Extract data without losses from multiple pages that load with different times


#1

I have a sequence where i open this url and i must extract the first column an the url of every entry. I’ve set the selectors through the data scraping tool, and i’ve specified the next page selector as:
"<html app='chrome.exe' title='report aziende*' /> <webctrl parentid='tabella*' tag='LI' aaname=' &gt;&gt;' />"
The next selector works, and it seems that it extract the data, but it is strongly dependant from the loading time of the page. If everything goes well and i set a low number of result, it works, but otherwise it will jump some result. I’ve also tried to set an higher “DelayBetweenPagesMS” and sometimes is better, but not perfect. If i made the entire sequence for all the 3771 pages, it will not work and i cannot get all the result.
Can you advise me a method to get ALL the data? furthermore it gives an error when it reach the last page, because the next selector disappear! How can i solve also this problem? Thanks


#2

No one can give me a solution? :disappointed:


#3

for the “next page” selector you could use a try-catch activity.
regarding the data itself, could you please share the selector you are using to extract the data from the first column?


#4

This is the selector (generated from the Data Scraping Tool) is:
<webctrl id='tabellaQueryProvince' tag='DIV' />

And the ExtractMetaData is:
<extract> <column exact='1' name='Nome' attr='text' name2='URL' attr2='href'> <webctrl tag='div' class='div-riga'/> <webctrl tag='div' class='div-nome' idx='1'/> <webctrl tag='a' idx='1'/> </column> </extract>

I’ve made a test with TimeoutMS setted to 300000 and DelayBetweenPagesMS setted to 2500 and after 3 hour an 51 minutes it scrape 55612 row instead of 56557. Then it loss 945 result (63 pages).
I really cannot understand why it jumps that results!


#5

Does the entire page load when robot clicks next button?

Waitforready=complete


#6

yes, i’ve already setted waitforready parameter to Complete! I cannot understand how is possible that it jumps some pages! The problem is that it doesn’t refresh te page every “next button click” because it uses ajax and load only the new table page! It’s also difficult to recover what pages are missing, because it jumps them randomly and is impossible to check between 3771 pages!


#7

Most likely because of Next link selector, does it have an Idx value?

Are you still scraping each column and merging later?
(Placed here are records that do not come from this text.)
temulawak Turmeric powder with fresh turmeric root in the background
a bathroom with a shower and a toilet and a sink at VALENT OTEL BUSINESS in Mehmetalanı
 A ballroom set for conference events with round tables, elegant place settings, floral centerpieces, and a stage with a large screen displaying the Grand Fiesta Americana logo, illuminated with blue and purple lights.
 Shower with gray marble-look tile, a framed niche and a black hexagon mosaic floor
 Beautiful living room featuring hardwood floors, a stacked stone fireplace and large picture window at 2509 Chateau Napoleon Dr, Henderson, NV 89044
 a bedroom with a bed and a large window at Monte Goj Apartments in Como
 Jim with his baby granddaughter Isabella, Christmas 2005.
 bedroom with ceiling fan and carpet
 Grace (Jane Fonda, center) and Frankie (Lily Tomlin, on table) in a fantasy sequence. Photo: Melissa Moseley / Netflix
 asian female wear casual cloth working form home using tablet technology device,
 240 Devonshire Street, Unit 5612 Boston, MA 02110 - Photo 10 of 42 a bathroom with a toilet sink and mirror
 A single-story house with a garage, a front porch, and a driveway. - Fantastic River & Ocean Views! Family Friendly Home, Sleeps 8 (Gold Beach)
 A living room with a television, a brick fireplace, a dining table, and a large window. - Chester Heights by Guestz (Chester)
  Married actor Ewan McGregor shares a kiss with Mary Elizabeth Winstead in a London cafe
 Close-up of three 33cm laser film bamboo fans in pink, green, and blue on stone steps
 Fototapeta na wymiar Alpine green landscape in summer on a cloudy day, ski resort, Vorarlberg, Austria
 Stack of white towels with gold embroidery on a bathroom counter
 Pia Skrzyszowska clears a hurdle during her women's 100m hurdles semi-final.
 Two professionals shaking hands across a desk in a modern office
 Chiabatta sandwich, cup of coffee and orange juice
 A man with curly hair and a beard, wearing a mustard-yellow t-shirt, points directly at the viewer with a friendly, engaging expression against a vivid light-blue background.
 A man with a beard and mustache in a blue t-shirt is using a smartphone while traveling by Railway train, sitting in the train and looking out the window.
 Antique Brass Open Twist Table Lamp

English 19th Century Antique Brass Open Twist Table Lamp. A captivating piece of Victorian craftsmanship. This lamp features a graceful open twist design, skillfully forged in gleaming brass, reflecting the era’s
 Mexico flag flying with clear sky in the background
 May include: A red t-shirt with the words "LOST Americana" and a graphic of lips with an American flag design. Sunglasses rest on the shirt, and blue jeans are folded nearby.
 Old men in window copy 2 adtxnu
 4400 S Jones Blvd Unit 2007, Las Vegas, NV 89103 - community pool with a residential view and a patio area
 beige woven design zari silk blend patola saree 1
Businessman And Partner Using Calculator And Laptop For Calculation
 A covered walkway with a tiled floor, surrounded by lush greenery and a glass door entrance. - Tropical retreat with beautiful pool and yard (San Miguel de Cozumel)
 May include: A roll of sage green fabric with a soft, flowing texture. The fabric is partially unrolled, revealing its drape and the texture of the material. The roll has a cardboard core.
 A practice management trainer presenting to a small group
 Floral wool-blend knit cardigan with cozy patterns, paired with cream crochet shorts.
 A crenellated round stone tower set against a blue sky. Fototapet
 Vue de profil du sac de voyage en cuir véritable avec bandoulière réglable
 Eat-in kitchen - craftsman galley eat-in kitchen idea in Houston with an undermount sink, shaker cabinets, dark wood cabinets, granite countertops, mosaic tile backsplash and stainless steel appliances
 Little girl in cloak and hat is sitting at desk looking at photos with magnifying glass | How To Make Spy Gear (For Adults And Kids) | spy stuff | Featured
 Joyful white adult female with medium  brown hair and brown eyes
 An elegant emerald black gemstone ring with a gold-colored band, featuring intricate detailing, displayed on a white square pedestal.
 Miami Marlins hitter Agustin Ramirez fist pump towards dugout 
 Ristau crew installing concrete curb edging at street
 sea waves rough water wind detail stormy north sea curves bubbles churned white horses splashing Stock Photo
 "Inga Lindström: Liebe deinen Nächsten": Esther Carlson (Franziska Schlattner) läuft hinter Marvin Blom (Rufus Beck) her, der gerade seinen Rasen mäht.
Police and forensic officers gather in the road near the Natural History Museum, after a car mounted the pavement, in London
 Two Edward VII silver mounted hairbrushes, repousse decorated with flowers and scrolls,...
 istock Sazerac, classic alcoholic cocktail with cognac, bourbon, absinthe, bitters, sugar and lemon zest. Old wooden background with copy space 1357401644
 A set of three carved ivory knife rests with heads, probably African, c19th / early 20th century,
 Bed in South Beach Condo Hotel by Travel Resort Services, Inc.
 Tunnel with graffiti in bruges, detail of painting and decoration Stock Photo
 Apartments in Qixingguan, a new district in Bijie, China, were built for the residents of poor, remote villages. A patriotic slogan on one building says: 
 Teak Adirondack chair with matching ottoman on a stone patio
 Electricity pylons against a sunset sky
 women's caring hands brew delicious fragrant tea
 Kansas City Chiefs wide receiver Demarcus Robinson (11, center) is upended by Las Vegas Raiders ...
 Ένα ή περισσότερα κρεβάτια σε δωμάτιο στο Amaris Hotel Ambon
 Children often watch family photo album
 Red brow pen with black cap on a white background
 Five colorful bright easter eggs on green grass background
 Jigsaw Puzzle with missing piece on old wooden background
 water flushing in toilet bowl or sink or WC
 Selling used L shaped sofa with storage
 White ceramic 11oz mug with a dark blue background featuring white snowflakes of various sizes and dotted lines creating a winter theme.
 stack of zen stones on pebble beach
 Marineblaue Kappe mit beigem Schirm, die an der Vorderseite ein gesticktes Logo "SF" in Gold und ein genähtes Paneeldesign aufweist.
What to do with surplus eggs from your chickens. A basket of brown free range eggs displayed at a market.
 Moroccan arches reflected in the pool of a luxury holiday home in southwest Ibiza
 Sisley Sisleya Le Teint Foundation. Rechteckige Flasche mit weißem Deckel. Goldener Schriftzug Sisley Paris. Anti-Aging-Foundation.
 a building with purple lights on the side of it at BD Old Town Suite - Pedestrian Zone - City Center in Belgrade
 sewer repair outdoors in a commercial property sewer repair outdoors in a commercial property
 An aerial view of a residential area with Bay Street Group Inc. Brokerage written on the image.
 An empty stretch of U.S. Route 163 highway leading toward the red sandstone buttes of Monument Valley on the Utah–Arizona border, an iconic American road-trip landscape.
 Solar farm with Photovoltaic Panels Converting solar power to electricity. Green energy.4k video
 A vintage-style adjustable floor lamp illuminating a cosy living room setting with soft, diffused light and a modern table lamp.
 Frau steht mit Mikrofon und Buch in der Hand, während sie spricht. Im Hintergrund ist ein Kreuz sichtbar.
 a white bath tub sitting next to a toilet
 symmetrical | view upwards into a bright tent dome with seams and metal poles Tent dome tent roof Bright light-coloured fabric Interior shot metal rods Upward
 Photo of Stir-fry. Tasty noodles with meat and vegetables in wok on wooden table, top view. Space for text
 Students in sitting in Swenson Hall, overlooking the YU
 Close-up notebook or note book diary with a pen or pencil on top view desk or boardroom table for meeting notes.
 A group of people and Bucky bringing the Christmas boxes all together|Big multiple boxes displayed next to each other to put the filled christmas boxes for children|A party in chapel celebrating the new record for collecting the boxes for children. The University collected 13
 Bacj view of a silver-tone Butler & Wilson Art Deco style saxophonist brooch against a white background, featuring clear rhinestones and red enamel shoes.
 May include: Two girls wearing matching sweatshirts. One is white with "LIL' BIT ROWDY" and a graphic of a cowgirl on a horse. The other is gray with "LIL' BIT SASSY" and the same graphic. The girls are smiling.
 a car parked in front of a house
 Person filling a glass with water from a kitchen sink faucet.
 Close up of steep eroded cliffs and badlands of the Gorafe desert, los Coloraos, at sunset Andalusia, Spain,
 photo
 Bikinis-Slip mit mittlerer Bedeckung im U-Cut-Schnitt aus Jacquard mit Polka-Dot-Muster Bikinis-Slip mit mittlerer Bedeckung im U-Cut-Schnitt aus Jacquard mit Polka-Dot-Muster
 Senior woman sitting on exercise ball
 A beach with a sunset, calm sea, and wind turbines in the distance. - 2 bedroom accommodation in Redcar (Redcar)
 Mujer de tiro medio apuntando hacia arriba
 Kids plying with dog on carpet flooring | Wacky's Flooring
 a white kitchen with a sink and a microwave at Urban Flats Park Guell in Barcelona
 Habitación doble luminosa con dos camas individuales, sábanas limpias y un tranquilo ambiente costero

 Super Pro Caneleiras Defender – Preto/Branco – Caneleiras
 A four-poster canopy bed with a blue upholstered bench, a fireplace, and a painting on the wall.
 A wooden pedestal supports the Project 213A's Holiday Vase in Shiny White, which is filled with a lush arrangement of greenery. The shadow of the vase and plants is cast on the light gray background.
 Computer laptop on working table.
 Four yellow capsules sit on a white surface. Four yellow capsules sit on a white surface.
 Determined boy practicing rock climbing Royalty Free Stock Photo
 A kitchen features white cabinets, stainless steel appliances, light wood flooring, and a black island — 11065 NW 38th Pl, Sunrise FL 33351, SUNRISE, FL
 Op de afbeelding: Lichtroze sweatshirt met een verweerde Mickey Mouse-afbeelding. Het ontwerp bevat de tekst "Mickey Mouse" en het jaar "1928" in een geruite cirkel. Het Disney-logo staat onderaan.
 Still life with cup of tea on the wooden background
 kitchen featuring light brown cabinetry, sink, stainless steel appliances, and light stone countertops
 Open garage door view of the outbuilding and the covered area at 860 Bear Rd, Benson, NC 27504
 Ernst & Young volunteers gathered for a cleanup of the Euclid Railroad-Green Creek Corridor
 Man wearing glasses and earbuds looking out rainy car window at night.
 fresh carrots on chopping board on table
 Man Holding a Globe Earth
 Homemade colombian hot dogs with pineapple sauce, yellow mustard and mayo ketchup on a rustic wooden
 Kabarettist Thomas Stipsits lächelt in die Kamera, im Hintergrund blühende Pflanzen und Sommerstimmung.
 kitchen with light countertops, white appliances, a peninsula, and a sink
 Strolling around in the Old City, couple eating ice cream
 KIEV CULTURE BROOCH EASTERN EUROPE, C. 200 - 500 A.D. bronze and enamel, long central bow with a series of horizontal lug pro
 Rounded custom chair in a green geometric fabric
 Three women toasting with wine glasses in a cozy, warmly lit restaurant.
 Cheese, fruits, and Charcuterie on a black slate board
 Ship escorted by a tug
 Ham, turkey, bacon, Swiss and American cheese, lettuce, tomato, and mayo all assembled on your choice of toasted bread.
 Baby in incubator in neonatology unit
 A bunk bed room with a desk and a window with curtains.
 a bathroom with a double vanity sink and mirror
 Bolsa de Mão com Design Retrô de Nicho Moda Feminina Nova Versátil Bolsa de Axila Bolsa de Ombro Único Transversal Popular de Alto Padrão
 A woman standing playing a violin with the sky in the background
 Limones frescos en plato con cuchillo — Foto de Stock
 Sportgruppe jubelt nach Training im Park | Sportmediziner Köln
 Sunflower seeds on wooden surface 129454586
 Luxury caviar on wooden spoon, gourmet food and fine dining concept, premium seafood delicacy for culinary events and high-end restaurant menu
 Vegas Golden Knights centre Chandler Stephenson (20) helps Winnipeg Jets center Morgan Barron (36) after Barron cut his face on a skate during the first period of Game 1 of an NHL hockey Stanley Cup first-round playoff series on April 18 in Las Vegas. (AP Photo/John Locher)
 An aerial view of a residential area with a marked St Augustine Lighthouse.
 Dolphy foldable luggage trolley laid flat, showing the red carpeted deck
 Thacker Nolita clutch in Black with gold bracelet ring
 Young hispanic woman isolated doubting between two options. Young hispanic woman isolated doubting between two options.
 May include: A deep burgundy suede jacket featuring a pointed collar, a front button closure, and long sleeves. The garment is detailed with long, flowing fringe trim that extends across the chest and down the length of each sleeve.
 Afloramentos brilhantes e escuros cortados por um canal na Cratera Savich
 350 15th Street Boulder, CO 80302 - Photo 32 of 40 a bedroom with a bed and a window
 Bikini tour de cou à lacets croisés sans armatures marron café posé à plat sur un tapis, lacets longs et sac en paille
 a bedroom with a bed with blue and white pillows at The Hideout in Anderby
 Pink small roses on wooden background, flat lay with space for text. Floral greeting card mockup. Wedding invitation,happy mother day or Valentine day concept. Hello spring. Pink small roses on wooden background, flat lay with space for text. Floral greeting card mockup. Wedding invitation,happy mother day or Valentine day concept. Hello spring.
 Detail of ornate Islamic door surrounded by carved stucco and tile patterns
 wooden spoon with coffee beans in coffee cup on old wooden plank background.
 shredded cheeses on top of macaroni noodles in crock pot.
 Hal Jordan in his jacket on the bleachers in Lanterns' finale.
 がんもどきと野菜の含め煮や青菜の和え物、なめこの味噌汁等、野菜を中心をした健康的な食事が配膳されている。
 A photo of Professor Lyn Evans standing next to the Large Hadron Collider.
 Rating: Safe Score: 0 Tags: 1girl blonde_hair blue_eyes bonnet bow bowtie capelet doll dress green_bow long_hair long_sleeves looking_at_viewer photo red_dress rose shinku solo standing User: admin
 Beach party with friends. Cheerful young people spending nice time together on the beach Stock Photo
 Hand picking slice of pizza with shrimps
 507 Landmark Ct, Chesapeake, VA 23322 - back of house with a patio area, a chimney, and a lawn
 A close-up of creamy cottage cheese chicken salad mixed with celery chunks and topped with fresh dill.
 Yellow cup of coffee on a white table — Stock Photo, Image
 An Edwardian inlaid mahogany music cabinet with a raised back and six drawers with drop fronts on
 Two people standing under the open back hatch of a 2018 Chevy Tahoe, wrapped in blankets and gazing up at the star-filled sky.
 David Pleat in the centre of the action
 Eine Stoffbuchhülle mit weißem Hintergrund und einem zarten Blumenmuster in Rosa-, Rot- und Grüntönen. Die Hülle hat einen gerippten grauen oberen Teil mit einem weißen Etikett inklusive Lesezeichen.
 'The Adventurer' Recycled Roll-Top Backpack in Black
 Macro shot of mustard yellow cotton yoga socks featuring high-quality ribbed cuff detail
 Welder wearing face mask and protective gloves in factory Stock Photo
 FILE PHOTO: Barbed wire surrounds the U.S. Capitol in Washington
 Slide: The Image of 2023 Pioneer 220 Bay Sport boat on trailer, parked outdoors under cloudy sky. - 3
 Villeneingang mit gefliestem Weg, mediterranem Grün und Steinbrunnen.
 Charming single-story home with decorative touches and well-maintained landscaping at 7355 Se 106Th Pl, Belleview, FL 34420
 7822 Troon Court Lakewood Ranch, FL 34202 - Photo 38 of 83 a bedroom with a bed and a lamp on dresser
Or you just want Nome Column data?


#8

This is my next link selector, and it don’t have an Idx value:

`<html app='chrome.exe' title='report aziende*' /><webctrl parentid='tabella*' tag='LI' aaname=' &gt;&gt;' />`

I just want “Nome” column and the Url.


#9

Not sure then,one thing to try is remove the leading space in aaname for next link selector and try of it works.


#10

I’ve found its parameter through UI Explorer…if i remove the space it doesn’t work because it cannot find the selector. The Next Link Selector itself do the work but i don’t know that sometimes it switch the pages too fast and it is not able to scrape data in this time. If i open a different link with the same selectors but with a dataset with less element, it scrape all the row and no one is missing. If i made the same sequence on a bigger dataset, it will skip some data…i cannot understand why…